I grew up eating big, roly-poly cabbage rolls baked in tangy tomato sauce that, when you split them with a fork, spread across your plate quickly and completely. The casserole dish would snuggle into the rectangular space at every spread, and there was always another pan on deck. They were comforting, reasonably healthy, and irresistible. I can safely say that not one roll ever went to waste.

These cabbage rolls took forever to put together (I tried my hand at it once or twice), which explains why they were reserved for special occasions. Well, nuts to that. I want to relive that savoury memory, and I want to do so on a weeknight. I decided to make a “cabbage roll” dish that could use up leftover cabbage, and wouldn’t require the deft hands of a Ukrainian matriarch or the patience of a saint.

Here is a deconstructed cabbage roll, with a nutritious slant and a vegetarian disposition. Yes, I realize it’s not the traditional dish. But believe me, it was truly inspired by tradition, every part of a stubborn childhood memory that has stuck with me through three decades. The next chilly fall day that rolls around, get yourself a head of green cabbage, settle into the kitchen, and fog up the glass with an easy-peasy veggie stew that will leave you feeling full, warm and happy as a cabbage roll.

Broken-Down Cabbage Rolls

  • 0081 small head of green cabbage (or half of a large one), coarsely chopped (about 4 cups)
  • 1 can chick peas, drained and rinsed
  • 1 can diced tomatoes, drained
  • 2 Tbsp butter, divided
  • 1 medium white or red onion, diced
  • 3 cloves garlic, minced
  • big splash dry white wine
  • 1 tsp dried dill (or a Tbsp of fresh)
  • 1/2 tsp thyme
  • juice of half a lemon
  • dash of cider vinegar
  • salt and pepper
  • 1/2 cup veggie broth
  • sour cream
  • 2 cups cooked wild rice

In a large saute pan, melt 1 Tbsp of butter over medium heat, then add the onions and cook until soft. Add the garlic and cook, stirring, until aromatic, then pour in a generous splash of white wine. Bring it to a simmer, and cook until most of the liquid has evaporated.

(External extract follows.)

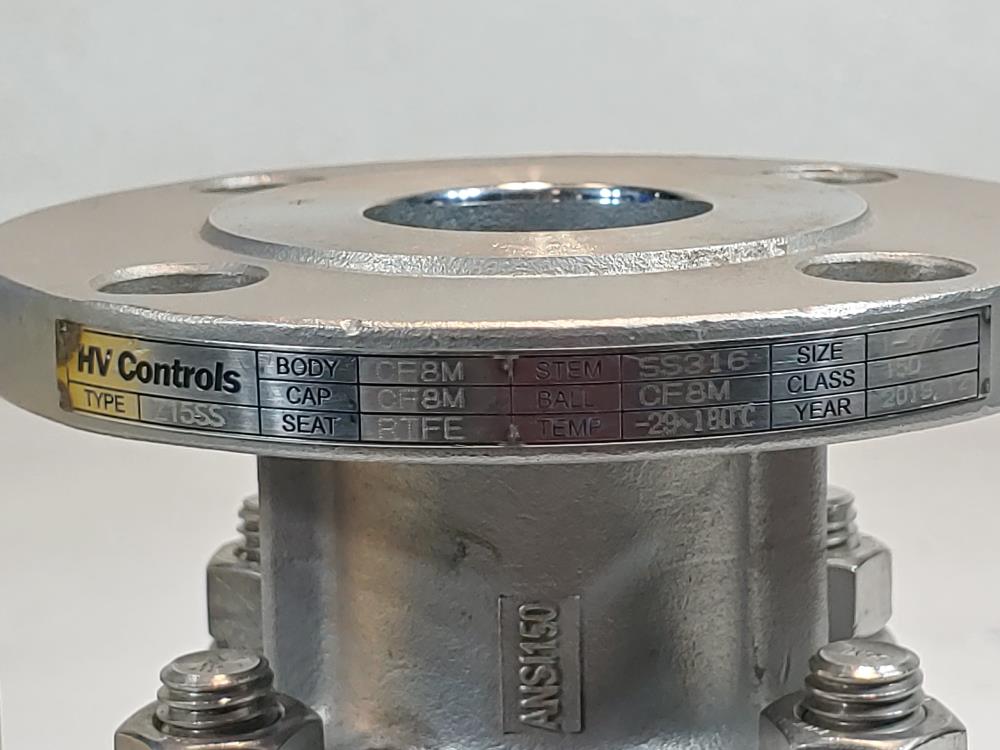 HV Controls CF8M 2 Piece Full Port 1-1/2" Flange Ball Valve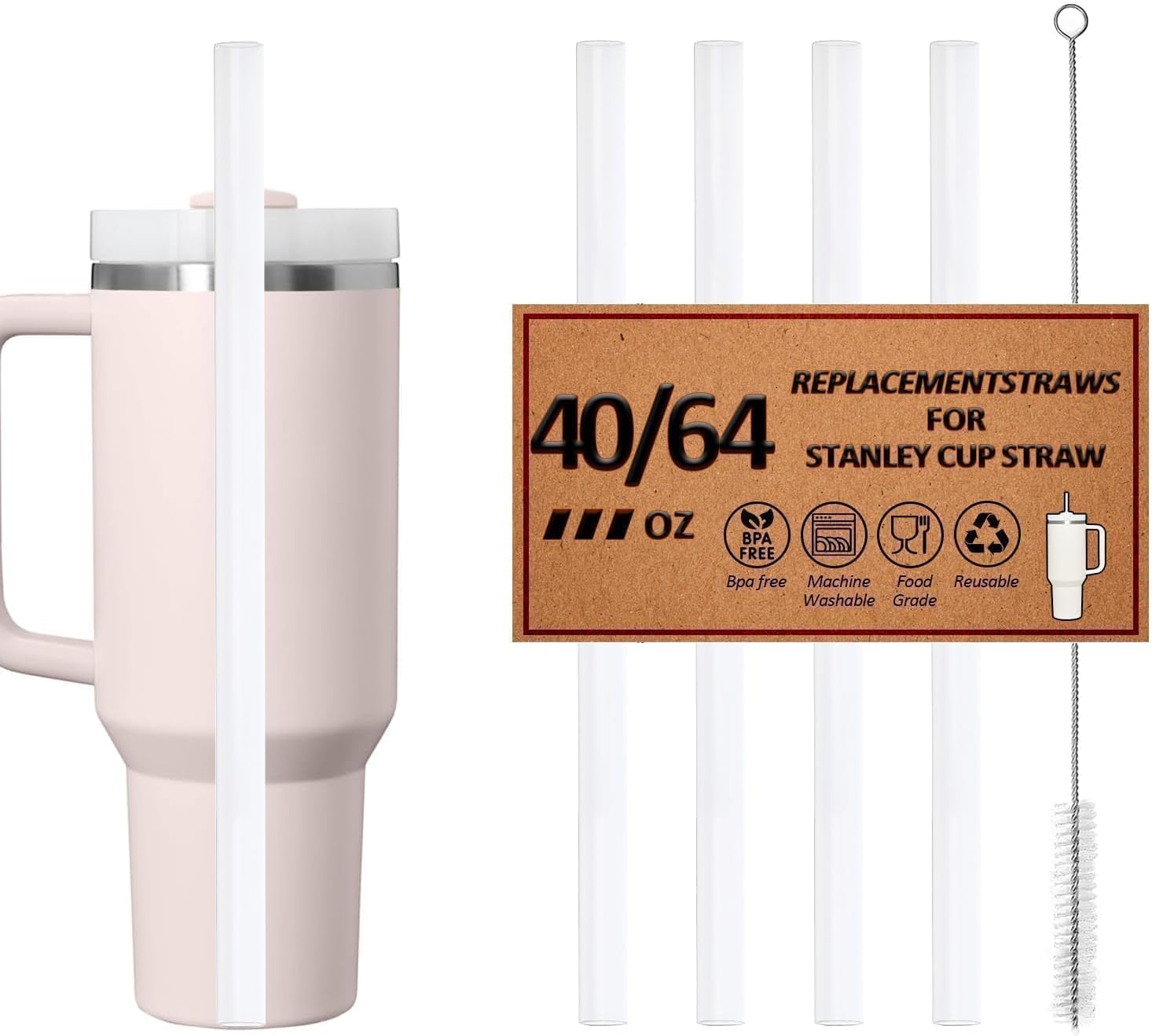 4 Pack Reusable Straws for Stanley Quencher H2.0 Tumbler 30oz | 40oz | 64oz, for Stanley Cup Accessories๏ผFood Grade & BPA Free, Machine washable๏ผfor 40/64oz, Transparent White๏ผ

Add the cabbage, dill, thyme and pepper, and stir until combined. Add the veggie broth, lemon juice, tomatoes and chick peas, and bring everything to a boil, then reduce heat to low and cover the pan. Let the mixture cook for about 15 minutes, until the cabbage is soft and the flavours have mingled.

Remove the lid and keep cooking for another 10 minutes, or until reduced. Mix in the reserved Tbsp of butter, adjust the salt and pepper to taste, and ladle it over a bed of rice. Top with a dollop of sour cream, (and a dash of hot paprika, if you’d like a little spice.